Cdataprovideriterator

I just learned about CDataProviderIterator and just wanted to remark that, in my opinion, this is entirely the wrong approach.

The problem it solves, is not a database problem - that problem was actually solved by databases, which (in general) are very good at delivering a large result set in a progressive way, without keeping them all in memory.

The problem is a limitation of the Active Record implementation, which by design is only capable of constructing the complete result-set in-memory and returning it as a whole.

The documentation neglects to point out an important limitation of this work-around: if you’re going to iterate over millions of users in the database, for example, to send them each a personalized e-mail, you would have to order them by an auto-increment primary key, or date/time created, in ascending order. Since the iterator actually performs independent queries for “pages” of results, if you were to order the queries by, say, date of birth, and a new user signs up while this lengthy batch of queries is running, some unlucky user would get skipped.

A safer (and more memory-efficient, bandwidth-efficient, and CPU-efficient) approach, would be to construct the query for the root entity in such a way that you avoid multiple tuples for the same root entity. For example, if Article has a many-to-many relation to Category, do not join the article-table to the category-table, since this causes the article data to repeat for every category - sure, you save a round-trip to the database, but the database also has to construct a substantially larger result-set, serialize it, send it over the network (if the DB server is separate from the app server); the client then has to unserialize a larger result-set, AR has to detect and ignore duplicate data, wasting more memory and CPU time.

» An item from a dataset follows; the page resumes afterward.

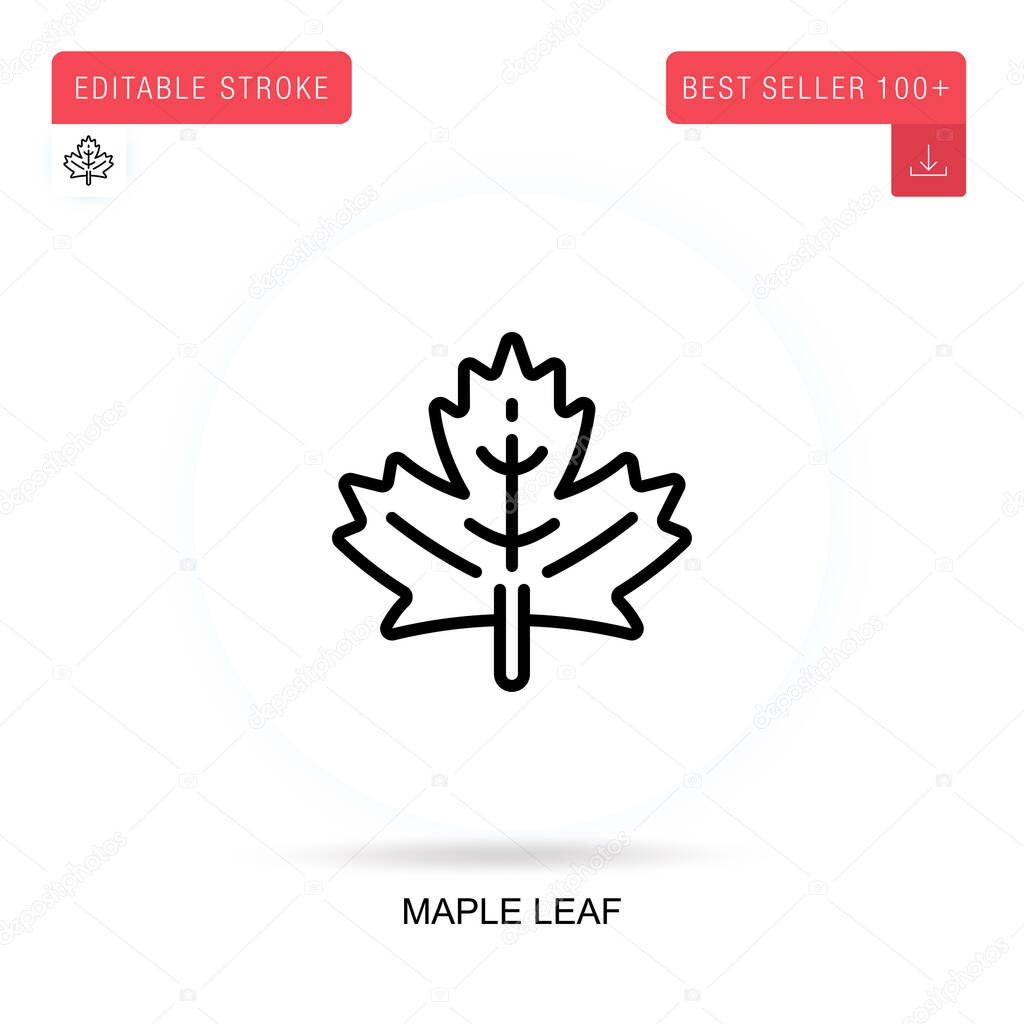 Maple leaf flat vector icon. Vector isolated concept metaphor illustrations.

All those issues aside, this of course also means you can’t read through the result-set and construct entities progressively, which is my initial point.

Take a peak at for example NotORM, which avoids heavy result-sets and complex join-queries by using a much simpler approach.

The idea that fewer queries automatically means better performance is an old myth, and while in some rare cases that may be true, for the large majority of queries, it just isn’t true - unless your DB server is on an entirely different network from your app server, in terms of performance, the number of roundtrips is most likely the least of your concerns.

And who uses DataProvider template for batch jobs? it is dedicated for UI components which presents data in paginated way. It is also fine for cases when you must define how to fetch some data and you are not sure it it will be fetched at all (you are preparing data for UI layer). In such cases - DataProvider keeps information on how to fetch data until it is really needed and fetched.

there is a switch ‘together’ which says how related data should be fetched: in one query with duplicated records which must be processed like you said, or with second separate query.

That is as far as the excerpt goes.